Prof Steve Jackson of Gurdon Institute wins prestigious European cancer research prize
His work has led to important new cancer medicines and given us a greater understanding of how our DNA repairs itself.
Now Professor Steve Jackson, of the Wellcome/Cancer Research UK Gurdon Institute in Cambridge, has won a prestigious European cancer research prize.
He will receive the ARC Foundation's Léopold Griffuel Award, worth 150,000 euros, at a ceremony in Paris in April.
Prof Jackson said: “I am deeply honoured and delighted to be given this prestigious award for my research, which has been translated into patient benefit.
“The field of DNA damage repair has expanded substantially in recent years and continues to provide us with new avenues for understanding the causes of cancer, and identifying new therapeutic targets.”
Prof Jackson’s research was important in developing medicines such as PARP1 and 2 inhibitors, currently used for cancer treatment.
His lab’s latest work, published last month in Nature Communications, was important for understanding cancer drug resistance in sporadic cancers, and highlighting potential therapeutic targets for the genetic disease, ataxia-telangiectasia.
Collaborating with colleagues at AstraZeneca, researchers in Prof Jackson’s lab identified mechanisms by which drug sensitivities characteristic of cells deficient in the ATM gene can be counteracted by changes in other genes.
Mutations in the gene cause the devastating neurodegenerative and cancer predisposition disease called ataxia-telangiectasia (A-T), and are associated with various forms of sporadic cancer.
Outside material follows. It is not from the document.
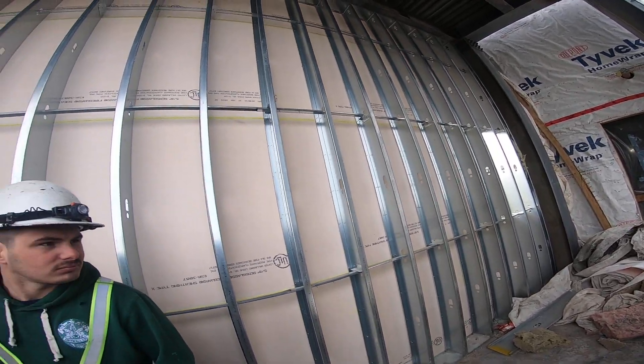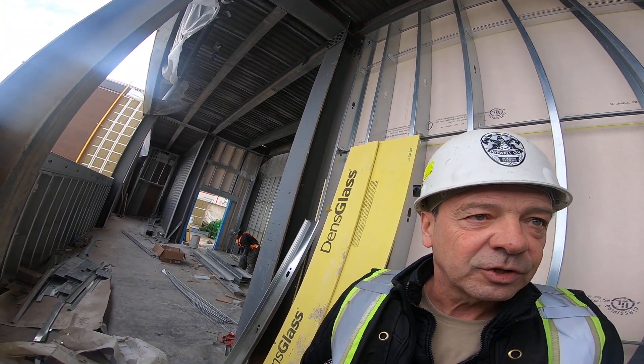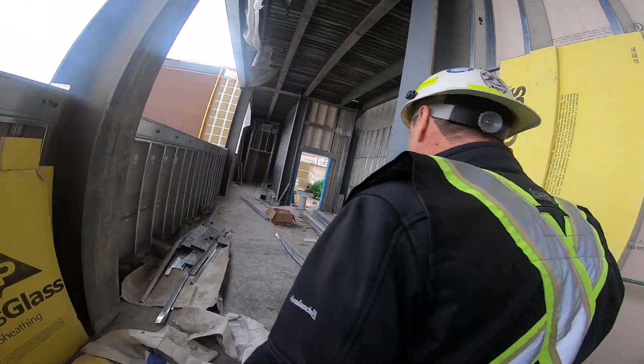I think that's about it for the bridge, eh? We can go to the tower. Expensive for the bridge — well, I would imagine that, eh?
Other work has shown the ATM protein, produced from the ATM gene, acts as a “molecular guardian of the genome“ by detecting DNA damage and promoting its repair.
This means A-T patients and ATM-deficient cells are hyper-sensitive to endogenous DNA lesions that can lead to neurodegeneration, and also to DNA-damaging agents used in cancer therapy such as PARP inhibitors, meaning they do not work effectively.
The latest study used the CRISPR-Cas9 genetic screening technique to show that defects in the products of several genes also involved in DNA repair pathways can alleviate the hypersensitivity of these cells to PARP inhibitors and the chemotherapeutic drug topotecan.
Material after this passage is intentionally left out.